The present invention relates to a combined tool for precision boring and burnishing tubular workpieces.
Inner surfaces of bores requiring a high surface quality are mostly produced in three steps, that is preboring, finish boring, and honing.
Since honing is a very time consuming method attempts have been made to replace this honing step by a less time-consuming one.
The honing step has therefore been replaced by a step of smooth rolling or burnishing the inner surface of a tubular workpiece. In this way, the manufacture of high quality bores, as for instance required for cylinder bores of pneumatic or hydraulic cylinders, has been considerably reduced in cost. In principles, one can therefore divide the manufacture of such bores into a material removing step and a non-cutting finishing step.
The German patent 958,896 discloses a combined tool for carrying out these two steps in a single operation. Thereby it is assumed that the workpieces which are to be machined with such a combined tool are already provided with an internal bore, that is that the above-mentioned first step of preboring is already carried out before the tool is used.
Further developed tools of the aforementioned kind are disclosed in the German Offenlegungsschrift No. 2,209,234.
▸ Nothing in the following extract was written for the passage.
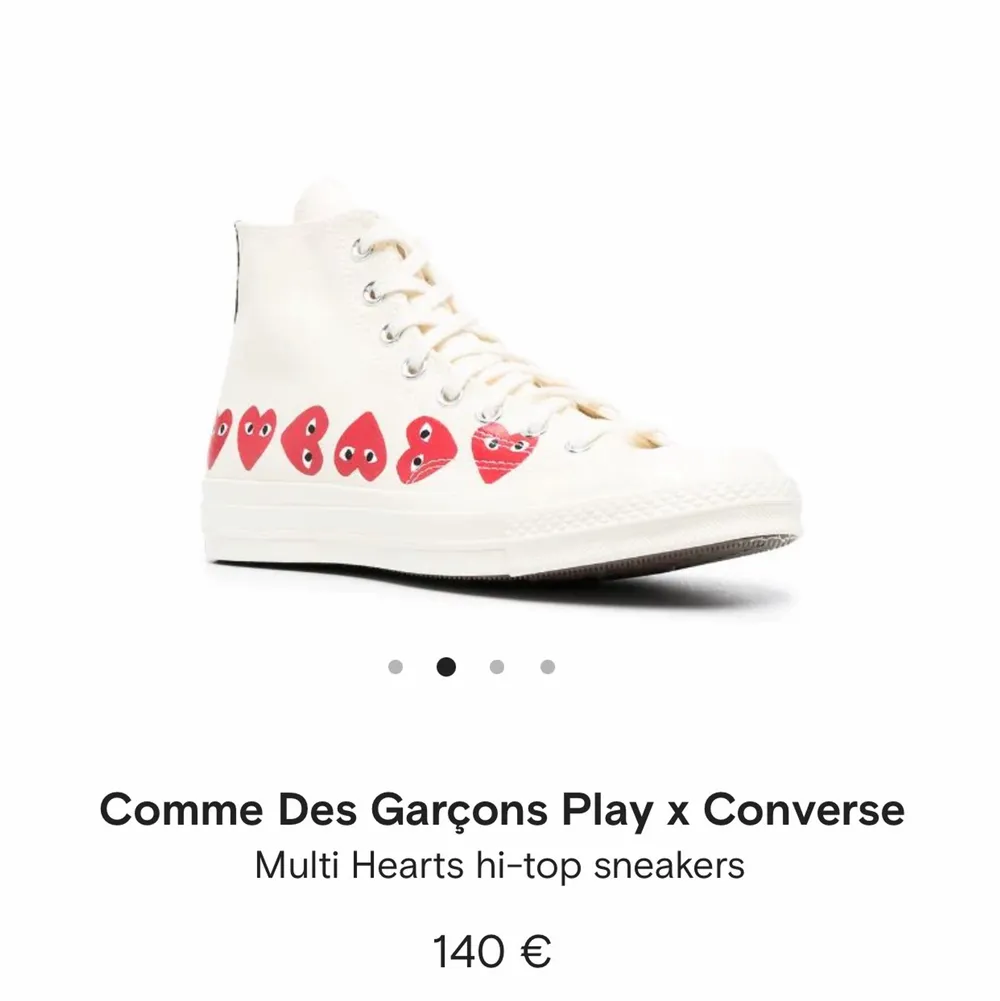 In princip helt nya cdg converse som har använts max 2 gånger. Vilket gör att dom har ett helt nytt skick.. Skor.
In these known tools, the boring head is rigidly connected with the trailing burnishing head. This combined tool is, for instance, during use in a known boring machine, rigidly connected with the boring bar. The tubular workpiece to be machined is mounted between two cones of a common boring machine and rotated by means of a driver. The precision boring head is provided with guide bars which abut against the inner surface of the bore formed in the cylinder to be machined. When the combined tool is advanced by the boring bar, the knives on the boring head will machine the preformed cylinder bore to a predetermined inner diameter. During further advance of the combined tool by means of the boring bar, the rollers of the burnishing head will engage the inner cylindrical surface of the workpiece and roll this surface smooth. The problem of properly removing the shavings produced by the combined tool is solved in accordance with the teachings of the mentioned German Offenlegungsschrift No. 2,209,234.
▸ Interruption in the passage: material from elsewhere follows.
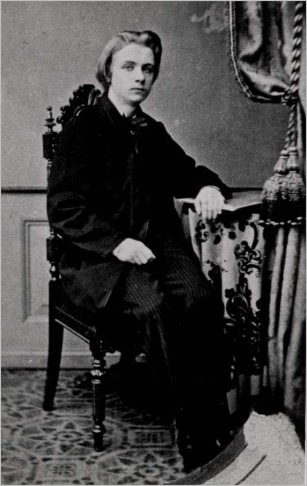 The young Edvard Grieg, in 1858. Photographed by Selmer.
While properly removing of the chips or borings formed by the combined tool does not provide any difficulties any longer, the aforementioned described combined tool is, while being located in the bore to be machined, statically overdefined, which results in a considerable wear on the guide bars of the boring head. In addition, the thus-constructed tool is subjected to oscillations which leave marks on the surface to be machined, which are not completely eliminated by the subsequent rolling operation.
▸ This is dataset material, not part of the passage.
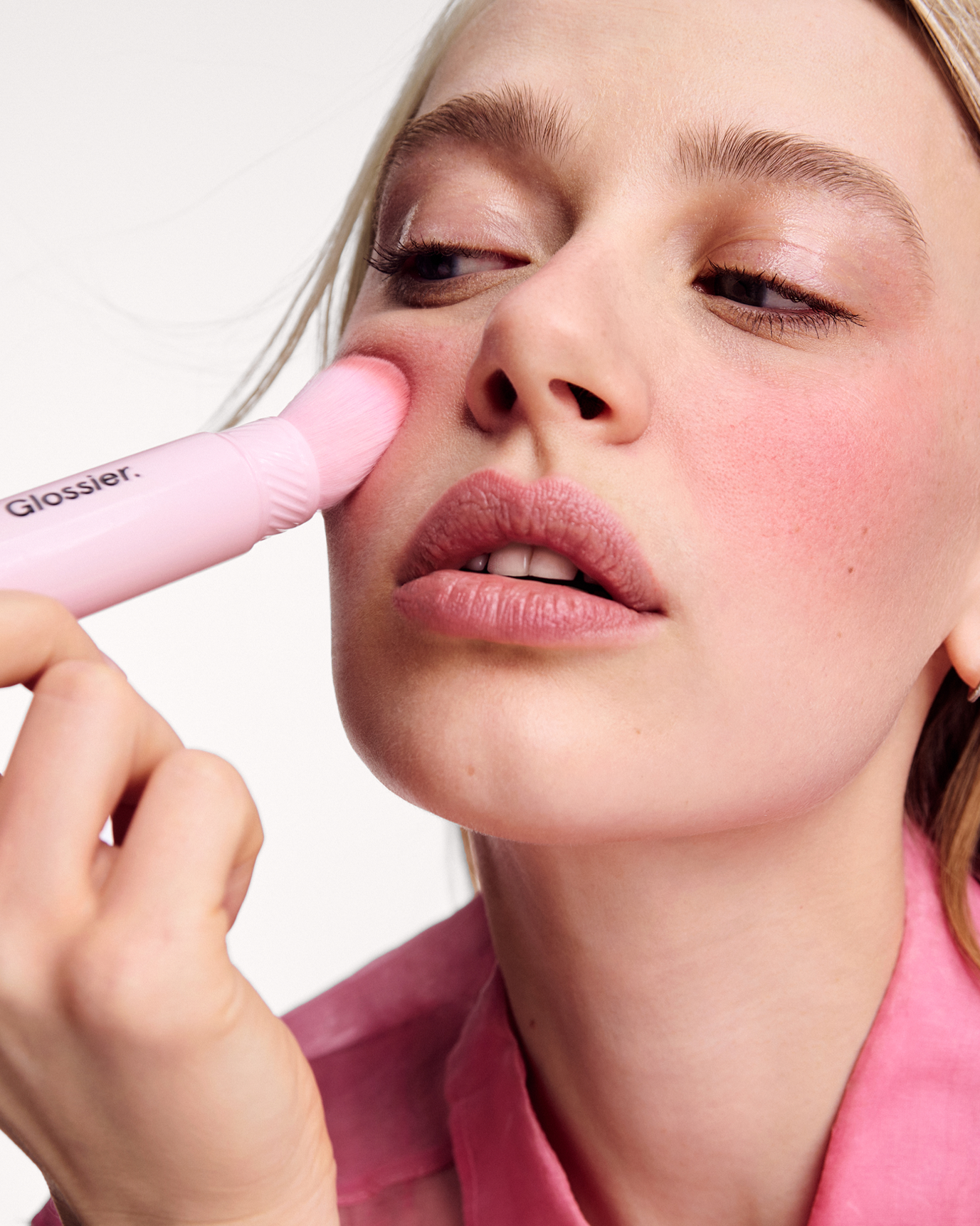 glossier-cloudpaint-brush-set-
The combined precision boring and burnishing tool in which the boring head and the burnishing head are rigidly connected to each other is guided in the bore to be machined on the one hand by the guide bars of the boring head and on the other hand by the rolls of the burnishing head. The combined tool is, however, also rigidly connected with the boring bar which, on the one hand, is supported and guided at a portion distant from the tool in the stuffing box of an apparatus for feeding boring oil into the hollow bore bar and, on the other hand, by its connection with the combined tool through the rolls of the burnishing head. Due to misalignment between the axis of the workpiece and the axis of the machine tool on the one hand, and due to the considerable weight of the boring bar on the other hand, the latter, thus supported between two points may be bent in any plane. The connection between the combined tool and the boring bar is then, when the combined tool is located in the bore to be machined, subjected to bending and shearing forces. This will result in that the combined tool, located in the bore to be machined, will also be bent, in a direction opposite to the bending of the boring bar. This in turn will result into an undesired tilting of the cutting knives of the boring head and in addition in undesired change of the tearshaped impressions which the rolls of the burnishing head produce on the surface to be finished. The radial forces which the workpiece produces in the tool during bending of the combined boring and burnishing tool will also lead to a premature wear on the guide bars and on the burnishing rolls. The thus-produced force by the bent boring rod and by the bent tool onto the workpiece will often result in rifling and chattering conditions which cannot be properly suppressed.
A further tool for precision boring and burnishing of tubular workpieces is disclosed in the German Gebrauchsmuster No. 7,344,800. In this known tool, the inner surface of the workpiece is precision bored while the combined tool advances into the bore to be machined and, during the subsequent withdrawal of the combined tool, in which the knives on the boring head are removed, the thus-precision bored inner surface is rolled smoothly by the rolls of the burnishing tool. During the advance of the combined tool, the burnishing rollers are not in contact with the workpiece and during retraction of the tool, the knives of the burnishing head, which have been removed, are evidently not in contact with the workpiece. During operation of this tool, there will not arise a statically overdefined situation, and while the combined tool may tilt with respect to the axis of the tubular workpiece, such tilting will not produce any detrimental effects.
A disadvantage of the last-mentioned tool, as compared with the first-described tools is, that the necessary time for finishing the workpiece is considerably increased. Whereas in the first-described tools, the bore to be machined is precision bored and smoothly rolled during advance of the tool into the workpiece and the withdrawal of the tool can therefore be produced at considerably greater speed, in the last-mentioned tool the speed at which the workpiece has to be retracted has to be the same as the speed in which the workpiece is advanced, which evidently increases the necessary time for finishing the workpiece.
Therefore, the last-mentioned tool has not found great use in the art.